Donald Brown, Distinguished Fellow 2006
Donald Brown’s contributions to economics are remarkable in their variety, originality and depth.
His first work in economics, some of it done jointly with the great mathematician Abraham Robinson, was to represent the concept of perfect competition by an economy with a nonstandard number of infinitesimal agents. Don demonstrated the existence of a nonstandard equilibrium and showed that it was identical to the nonstandard core.
The paper, “Testable Restrictions on the Equilibrium Manifold,” written jointly with Rosa Matzkin, initiated an entirely new field which has been actively pursued by many subsequent scholars. They presented a system of inequalities that observations on market prices, individual incomes and aggregate endowments must satisfy to be consistent with the equilibrium behavior of some pure trade economy.
Responding to work of Hugo Sonnenschein, Rolf Mantel and Gerard Debreu, demonstrating that no significant behavior implied by individual utility maximization is preserved in the aggregate, he and Chris Shannon exhibited even more negative results on the implications of the Walrasian model.
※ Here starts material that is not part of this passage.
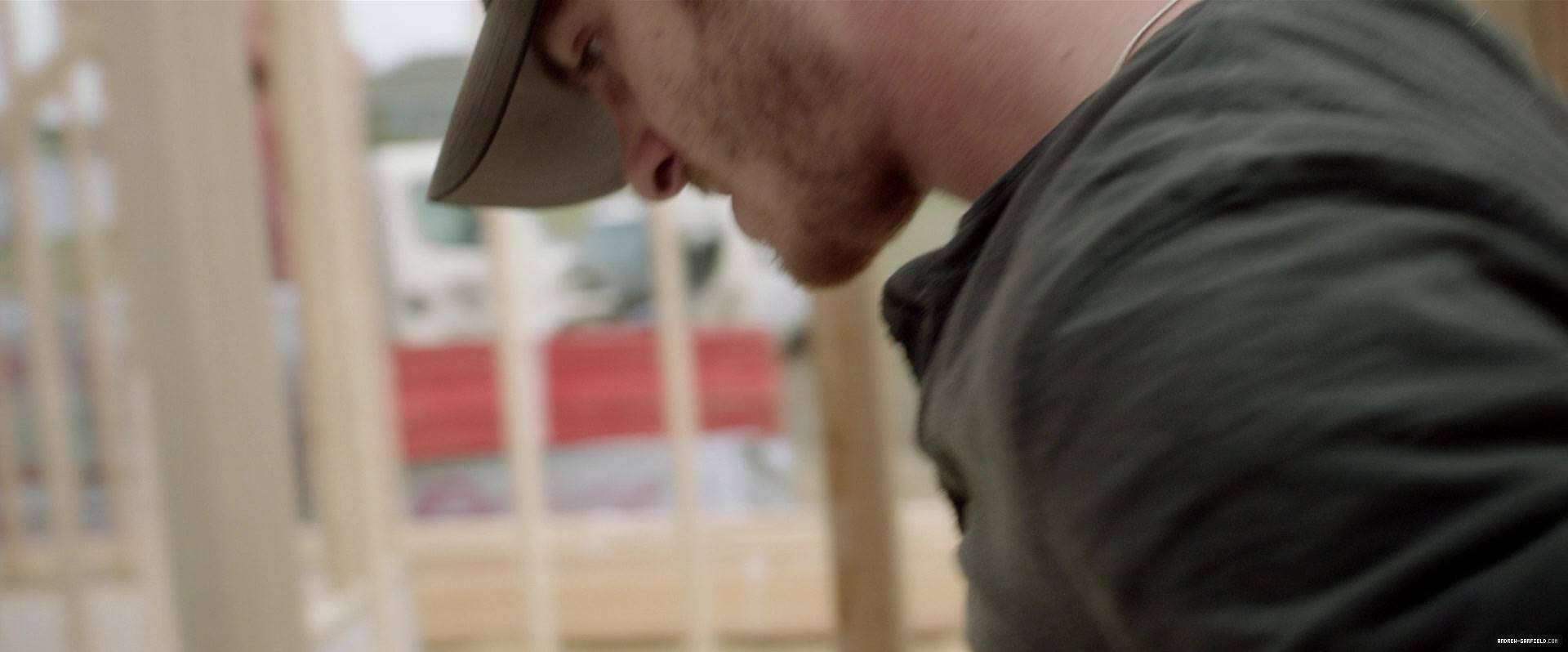 0040.jpg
They showed that a finite data set can never be used to refute the hypothesis that equilibria are locally unique or locally stable or that equilibrium comparative statics are locally monotone.
His work with Geoffrey Heal on equilibrium analysis in economies with non-convex technologies illuminated the major problem of economies of scale and its treatment by alternatives to conventional profit maximization. They showed that partial equilibrium prescriptions for the regulation of a public monopoly can be seen as marginal or average cost pricing equilibria.
His paper on incomplete markets with Peter DeMarzo and Curtis Eaves is an extremely significant piece of research. In equilibrium models with incomplete markets, demand functions are typically not continuous at prices for which a marketed asset becomes redundant. They showed, however, that this discontinuity disappears if a new asset is introduced when such redundancies occur. This assumption allowed them to prove generic existence and also to compute equilibria in the general equilibrium with incomplete markets case.
As further proof of his breadth, Don has made important contributions to econometrics and to the study of economies with infinitely many goods.
He is highly regarded for his leadership as chairman of Yale’s Department of Economics. He has been a wonderful colleague, teacher and warm friend both to fellow researchers and to young students.